January 9, 2009
- General News
- Public ‘Discovery’ Interface and OCLC collaboration – The HathiTrust partners have concluded a preliminary agreement with OCLC to collaborate in adapting OCLC’s WorldCat Local as a public discovery interface for HathiTrust, and through a process led by members of partner libraries, will work with OCLC on specifications, with a goal of deploying this interface in early 2010. We will continue to move forward with a temporary public beta using VuFind, to be deployed early 2009. More information on this strategy is available in the Functional Objectives.
- Decrease in HathiTrust growth – After very fast growth, including two successive months of more than 300,000 volumes being added to the repository, the rate of ingest has dropped dramatically. This month we added fewer than 100,000 volumes. We are largely caught up with content available until we begin ingesting content from the University of California system, which will begin soon.
- Deployment Status
- Establishing Indiana Mirror Site – The Indiana site is now a fully operational mirror of the Michigan site, and a complete tape backup also exists in Michigan. We continue work on configuring the Indiana site to be a parallel web hosting environment with the Michigan site, using load balancing and failover.
- Development Update
- Large-scale Search – Solr indexes of various sizes up to 1 million documents were tested against six hardware configurations, including multiple shards on individual machines, and individual shards on multiple machines, with RAM configurations ranging from 8GB to 32GB. As planned, we completed these tests in December and are now working on data analysis. We continue to work toward a goal of being able to specify the hardware and software required to support full text searching (with Solr) of all volumes projected to be in the repository.
- API – We have completed a rough outline of the HathiTrust content access API. As part of this work, we explored API security issues in depth and identified the most likely solutions.

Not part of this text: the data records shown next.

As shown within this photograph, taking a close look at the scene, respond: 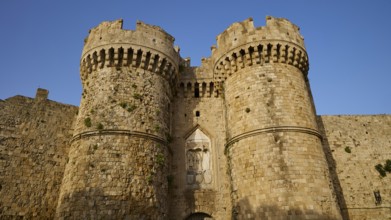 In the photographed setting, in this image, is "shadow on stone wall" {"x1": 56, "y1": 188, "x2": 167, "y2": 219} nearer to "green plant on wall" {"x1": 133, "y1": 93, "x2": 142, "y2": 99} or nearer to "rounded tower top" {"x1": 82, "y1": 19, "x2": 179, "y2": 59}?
"green plant on wall" {"x1": 133, "y1": 93, "x2": 142, "y2": 99}

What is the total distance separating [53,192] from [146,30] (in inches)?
284

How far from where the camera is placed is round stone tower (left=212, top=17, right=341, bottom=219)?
895 cm

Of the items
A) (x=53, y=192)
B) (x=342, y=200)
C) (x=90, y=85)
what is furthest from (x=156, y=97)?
(x=342, y=200)

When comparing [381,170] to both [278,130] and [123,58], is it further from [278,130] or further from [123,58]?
[123,58]

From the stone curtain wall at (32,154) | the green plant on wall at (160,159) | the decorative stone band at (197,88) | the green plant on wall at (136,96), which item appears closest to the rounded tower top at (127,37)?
the decorative stone band at (197,88)

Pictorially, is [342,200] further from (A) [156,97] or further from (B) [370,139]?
(A) [156,97]

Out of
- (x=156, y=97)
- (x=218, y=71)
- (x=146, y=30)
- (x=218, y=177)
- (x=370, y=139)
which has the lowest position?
(x=218, y=177)

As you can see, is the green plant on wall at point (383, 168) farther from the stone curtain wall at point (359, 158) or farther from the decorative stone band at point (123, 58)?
the decorative stone band at point (123, 58)

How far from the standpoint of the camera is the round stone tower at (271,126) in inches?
352

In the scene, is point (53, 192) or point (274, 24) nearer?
point (53, 192)

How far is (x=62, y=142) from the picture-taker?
11234 mm

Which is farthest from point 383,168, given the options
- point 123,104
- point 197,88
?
point 123,104

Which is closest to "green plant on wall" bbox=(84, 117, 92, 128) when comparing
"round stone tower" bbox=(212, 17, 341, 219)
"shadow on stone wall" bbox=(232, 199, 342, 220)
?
"round stone tower" bbox=(212, 17, 341, 219)

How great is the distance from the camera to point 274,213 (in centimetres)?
871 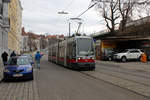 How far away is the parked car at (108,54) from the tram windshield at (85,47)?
1988 centimetres

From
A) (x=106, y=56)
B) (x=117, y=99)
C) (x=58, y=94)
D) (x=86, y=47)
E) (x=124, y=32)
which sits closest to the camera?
(x=117, y=99)

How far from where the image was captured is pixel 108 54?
125ft

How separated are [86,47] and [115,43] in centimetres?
2217

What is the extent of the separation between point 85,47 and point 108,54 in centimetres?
2082

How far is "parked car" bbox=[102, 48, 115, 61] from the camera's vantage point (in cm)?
3748

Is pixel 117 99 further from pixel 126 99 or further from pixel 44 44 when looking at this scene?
pixel 44 44

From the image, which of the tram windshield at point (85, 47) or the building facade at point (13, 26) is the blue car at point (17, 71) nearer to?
the tram windshield at point (85, 47)

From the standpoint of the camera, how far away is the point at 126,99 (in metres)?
7.18

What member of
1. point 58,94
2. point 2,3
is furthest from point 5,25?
point 58,94

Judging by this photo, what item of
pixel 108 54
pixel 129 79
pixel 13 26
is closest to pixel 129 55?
pixel 108 54

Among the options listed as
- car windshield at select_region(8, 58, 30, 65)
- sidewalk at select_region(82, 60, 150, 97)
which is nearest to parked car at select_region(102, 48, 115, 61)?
sidewalk at select_region(82, 60, 150, 97)

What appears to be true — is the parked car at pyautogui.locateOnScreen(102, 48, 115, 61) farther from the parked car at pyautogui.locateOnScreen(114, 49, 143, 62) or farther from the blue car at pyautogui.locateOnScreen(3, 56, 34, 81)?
the blue car at pyautogui.locateOnScreen(3, 56, 34, 81)

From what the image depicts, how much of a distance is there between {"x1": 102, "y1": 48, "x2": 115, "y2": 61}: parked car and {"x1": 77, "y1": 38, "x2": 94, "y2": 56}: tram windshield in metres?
19.9

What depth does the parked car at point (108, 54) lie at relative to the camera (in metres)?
37.5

- Bibliographic Data Distribution – The University of Michigan OAI data provider now reflects the fact that we are providing records from HathiTrust Digital Library (rather than mbooks, which was previously the case). We have communicated this change to major harvesters of the sets. We have modified the MARC and oai_dc formats to correct and amplify the information we are providing based on feedback solicited from those who have harvested us in the past. For instance, the 245 field now includes the statement of responsibility (subfield c). For more information see http://www.hathitrust.org/bibliographic_data_distribution.
- 61,030 new volumes were added in December.
- As of January 1st, 2009, the repository contained a total of 2,477,871 volumes.
- 4,730 public domain volumes were added in December, bringing the total number of public domain volumes to 372,085 (15% of the total content).
- Ingest of Wisconsin materials continued. As of January 1, 2009, HathiTrust contained 142,488 Wisconsin volumes.
- Forecast for January development
- Complete web hosting infrastructure work at the Indiana site and put it into active service.
- Results of the most recent large-scale search test will be evaluated and reported publicly. Next steps will be identified and more tests (e.g., on load) will be conducted. Possible areas of exploration include additional variations on hardware configuration and shard distribution, the impact on performance when faceting is employed, and indexing optimizations to improve performance.
- Server software will be enhanced to support replication of full-text indexing on the repository instance in Indiana.
- We hope to complete the first written draft of the API design specification in January.
PLEASE NOTE: Please contact Chris Butchart-Bailey (chrisbu at umich.edu) with email addresses of individuals or groups that should be added to our system outage mailing list.
We schedule system maintenance work that requires a system outage during time windows (in Eastern time) where academic user activity is generally lowest:
- For major work, Friday evenings (8pm-1am) and Sunday mornings (5am-10am);
- For minor work, weekdays from 6:30am-8am.
Advance notice for scheduled outages is given on business days and at least 24 hours in advance. Notice of unscheduled outages is given upon discovery, and additional updates are given as appropriate.
- Outages in December: On Friday, December 19 at 7:30am EST, HathiTrust was down briefly to apply security updates to a database server. Service was restored at 7:40am EST.
- Outages planned for January/February: A brief outage will be scheduled in January for a storage system software upgrade.